The Snapdragon 8 Gen 3 is said to be a step behind the A17 Pro as it is reportedly mass produced on TSMC’s N4P process instead of the Taiwanese’s next-generation 3nm process. Regardless of this difference, one rumor claims that Qualcomm’s upcoming flagship silicon is 30 percent more efficient than what Apple has outfitted in the iPhone 15 Pro and iPhone 15 Pro Max this year, but consuming less power can often mean compromising on performance.

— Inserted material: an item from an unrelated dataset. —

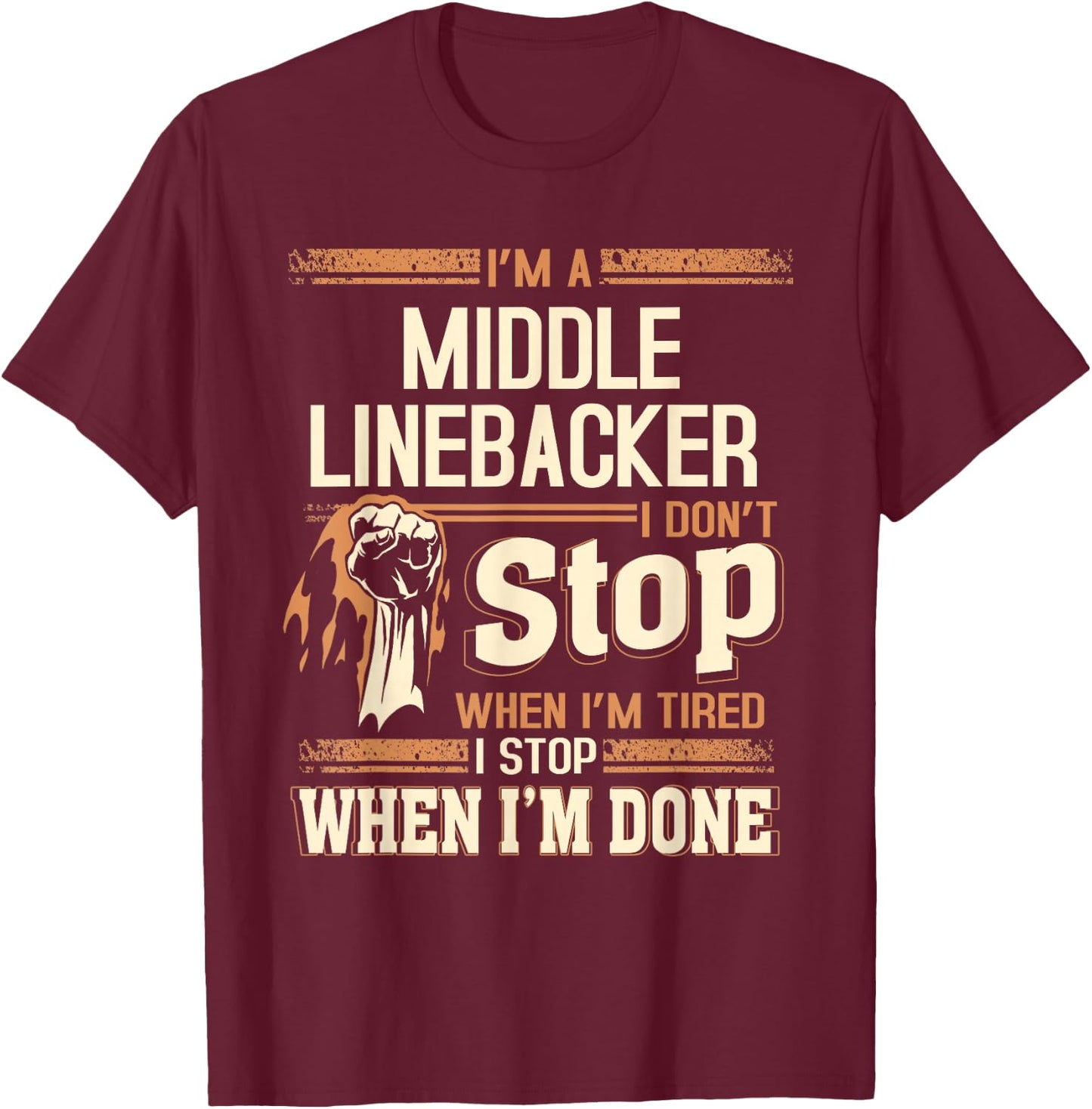 I'm A Middle Linebacker I Don't Stop T-Shirt - T-Shirt | Maroon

Peak GPU performance of the Snapdragon 8 Gen 3 is rumored to be higher than the A17 Pro
Only recently, it was reported that the Snapdragon 8 Gen 3 might not have been exceptionally faster than the Snapdragon 8 Gen 2 in AnTuTu, managing only a 15 percent lead, but the GPU test revealed an impressive 40 percent difference. The large gap can only mean that the A17 Pro may have a tough time competing with the upcoming SoC, particularly in real-world graphics and stress tests. However, Revegnus also points out that the Snapdragon 8 Gen 3 will be 30 percent more power efficient than the A17 Pro.

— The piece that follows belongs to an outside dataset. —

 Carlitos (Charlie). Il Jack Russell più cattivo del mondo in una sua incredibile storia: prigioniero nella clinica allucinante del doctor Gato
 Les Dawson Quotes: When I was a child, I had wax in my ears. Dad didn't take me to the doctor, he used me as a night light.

While he does not mention where he got this information from, we have seen in multiple testhatere the Snapdragon 8 Gen 2 has beaten the A16 Bionic quite comprehensively. This year, the tipster claims that the GPU performance gap will also widen, with the Snapdragon 8 Gen 3’s Adreno 750 graphics processor said to bring a 60 percent difference to the table against the A17 Pro. Unfortunately, these details are ambiguous because it does not mention if the Snapdragon 8 Gen 3 will obtain this lead in pure rasterization, ray tracing, or both.
Update: Snapdragon 8 Gen 3 boasts a 30% better power efficiency compared to the A17 Pro.
The performance gap in GB6 multi-core benchmark scores between Snapdragon and Apple Silicon is narrowing, and the Snapdragon 8 series GPU's peak performance surpasses Apple's. In 2022, there…
— Revegnus (@Tech_Reve) October 7, 2023
This year, Apple has marketed that its A17 Pro has four times faster ray tracing performance than the A16 Bionic, so it will be interesting to see how the Snapdragon 8 Gen 3 fares in this area. Also, on the subject of power efficiency, Qualcomm may have gimped the CPU performance of its upcoming SoC to gain an edge in battery life, as raising the clock speeds on the performance cores may result in a high power leak, spiking that consumption reading through the roof.
There are reports showing that the A17 Pro has a significantly higher power draw this year, but that was most likely implemented purposely to post a meaningful single-core and multi-core difference against the A16 Bionic. Clearly, the advantage of being mass produced on TSMC’s 3nm process is not evident now, so let us see if Qualcomm used its chip design prowess on the Snapdragon 8 Gen 3 to get the better of Apple this year.